You just plotted the time series for google searches for word1 and word2. You can see that there is quite a lot of seasonality for these two words and that one is a lot more popular than the other.
word3 <- "recession"
res2 <- gtrends(c(word1, word2, word3))
plot(res2)
## Warning: Removed 3 rows containing missing values (geom_path).
Compared to “Thanksgiving” and “Christmas”, “recession” is a lot less popular. However, it is interesting to see that there was an increase in the search for “recession” just as official annoucements about recession were being made in 2008.
word4 <- "tofu"
res3 <- gtrends(word4, geo = c("CA","US","JP"))
plot(res3)
## Warning: Removed 3 rows containing missing values (geom_path).

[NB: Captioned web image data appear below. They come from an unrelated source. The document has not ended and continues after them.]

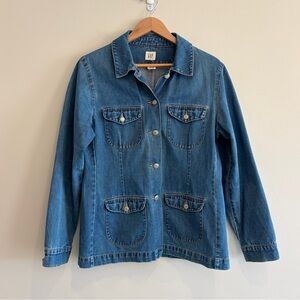 Amazing GAP TAILORED FIT JEAN JACKET in Great Condition. Great for all seasons!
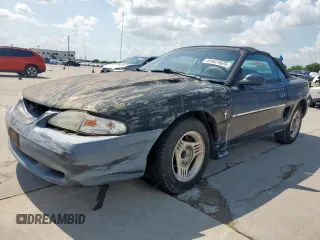 1995 Ford Mustang z VIN 1FALP4443SF210871, wystawiony jako Copart lot #61627625 z przebiegiem 132 696 mil mil oraz Czysty tytuł • Clean title. Historia ofert i sprzedaży dostępna na DreamBid. Obrazek 1.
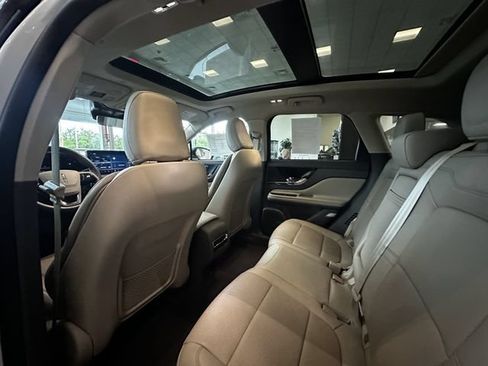 Certified 2024 Lincoln Corsair Grand Touring w/ Equipment Group 301A AWD/4WD image 17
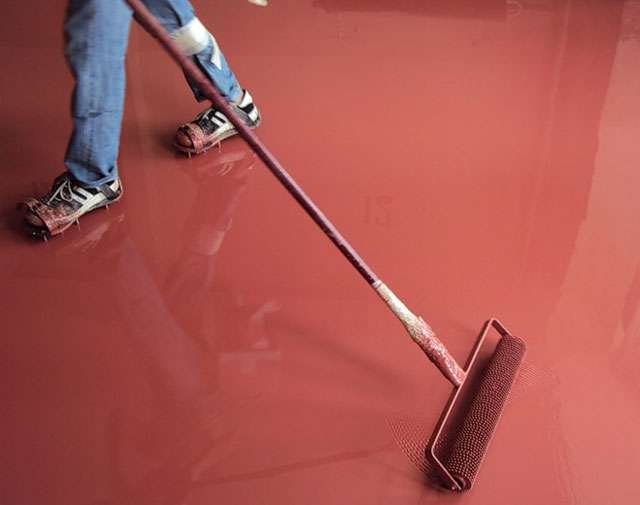 Во сколько обойдется залить пол самовыравнивающейся смесью – оцениваем рентабельность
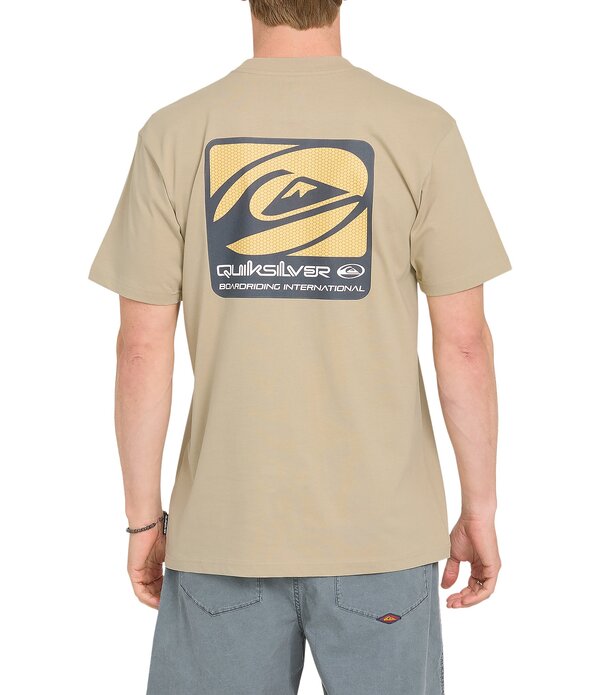 クイックしろがね色 メンズ トップス プルオーバー Quiksilver Out Of Boundshort Sleeve T-Shirt Seneca Rock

First, there is a lot of seasonality in Canada and the US. You can see that the search for tofu, which is considered a “healthy food,” increases at the beginning of the year and then starts decreasing throughout the year. This is consistent with the fact that one of the most popular New year resolutions is “being healthy.” There is another surge in interest in tofu somewhere in the summer, and then this interest appears to be constant until the end of the year. Perhaps this is consistent with the beach season?
Second, we do not observe the same type of seasonality for Japan. This could be because “tofu” is not spelled with the Latin alphabet, and because tofu is a routine food, so it is less likely to be associated with health trends and resolutions. Perhaps there are other reasons for this – can you think of one?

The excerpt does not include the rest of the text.